I have to admit we're renegades in the grammar department; I use no program, and I never have. This is partly because my daughter came verbally hard-wired, so to speak; grammar seemed to be built in (although spelling and handwriting were struggles for her early on). It's also partly because I prefer to do things suited to her interests. She has always been incredibly strong-willed, with passionate and definite interests, so that I've found it much more fun for both of us to work with her preferences and interests and do a lot of things presented as games rather than impose too much from the outside. This doesn't mean we don't do anything structured or that we avoid conventional essay-type writing; but it certainly does not form the core of what we do.

 

When she was younger we did a lot of MadLibs, including writing out own; we read Ruth Hellman's lovely picture books on parts of speech; and we did nearly all of the activities from Peggy Kaye's Games For Writing, some of which play around with making silly sentences in different ways. We read Lynn Truss's picture books about how punctuating sentences differently changes meaning; this tickled my daughter's fancy so much that she wrote examples of her own.

 

As she has gotten older (she's now nearly 14), I have found two books by Jeff Anderson, Everyday Editing and Mechanically Inclined, which I like a lot. One thing that has worked really well for us is finding sentences we like in current reading, analyzing the patterns informally -- one recent find was the two-word sentence -- and then looking for others like it over the next few days and keeping a running list of our finds.

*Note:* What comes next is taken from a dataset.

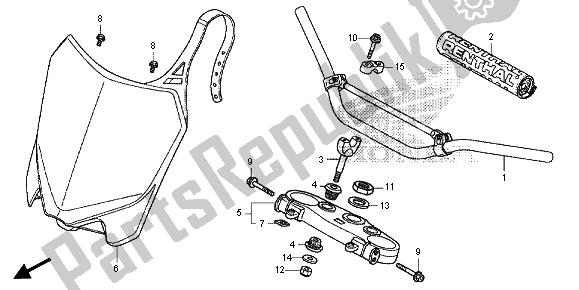 Alle onderdelen voor de Handvatpijp & Hoogste Brug van de Honda CRF 250R 2014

We also talk about when and how it is used (in the case of the two-word sentence: sparingly, for particular effect). Anderson, a teacher, has kids then use similar types of sentences in their next writing project, which is a good idea, I think, but one I haven't managed to work into our routine yet. But I really, really like the general approach of his books.

 

Because my daughter likes to write (actually, this is an understatement; she has so many ideas that her papers and things are all over the house, under beds and couches, on every surface), and because I feel fairly confident about where she needs to be by age 18 and can gauge her progress, I tend to be mostly hands-off regarding writing in general. I have taught her how to structure certain kinds of arguments, but she mainly experiments with imitating styles or structures she likes as a reader. She tends to not be drawn to formal essays, but to prefer narratives, whether fiction or non-fiction. So at the moment I'm letting her explore these as she wishes. She writes book reviews, makes up pretend copy for the inside front jacket of books, does movie reviews, comic strip versions of books, rewrites, satires, plays, song lyrics, etc. These different formats go in and out of favor.

 

Since she is not drawn to non-fiction, I will sporadically ask her to write summaries or lists of main points for me, or write down pros and cons or strengths and weaknesses of a particular article we read. One interesting idea I read about summarization that I've used numerous times with her: write a summary of a paragraph, then shrink that so it fits on an index card (no cheating with teeny tiny writing), then make a headline or alternative chapter title. This is great practice in precision thinking; my daughter also enjoyed it (we used colorful index cards and little post-its for the headlines or titles), or I wouldn't have pressed it on her more than once or twice.

 

Another strategy she's enjoyed: writing a summary or very short story or dialogue in one tone or genre, say journalistic news-style writing; then rewrite it as thriller, spy story, comic, letters, poem, etc. This does not have to be confined to "creative writing" or even literature; it can add fun to science and history summaries as well.

 

At the moment we're also on a quest for bad writing -- really bad writing. She adores finding badly punctuated sentences, grammatical and spelling errors in printed, public sources, or inflated rhetoric. I'm thinking of making a collection in a notebook.

 

If you prefer having a planned-out program or if your daughter needs to produce a particular amount of a certain kind of writing for institutional purposes, these kinds of ideas will obviously not work as your main curriculum for writing. But maybe some of them will work to cement what your daughter is learning in other formats.

 

Finally, I think it is important to remember that there are a lot of years, and a lot of opportunities for learning how to write using what I have called The Method, for writing conventional formal essays, in all subject areas. My primary concerns have been fluency, voice, and pleasure: learning that writing is a tool for thinking, but also for play and open-ended, nonformal, nonstructured experimentation. If I had a child who did not like to play so much with the written word, no doubt my take on all this would be very different. Everything I have done has been a response to my daughter's way of learning and thinking.

 

Hope this is of use in some way and not either overwhelming or babbling... I do both, unintentionally, when I get excited about a topic.

 

Edit: two recent discoveries are Signspotting, a series small books containing photos of hilarious mistakes on public signs, and Cake Wrecks, which has a section of spelling and other errors. NOTE: IMPORTANT! Preview and edit, because these are marketed for adults and there are sections of sexual innuendos etc. Most sections are innocuous and just very funny.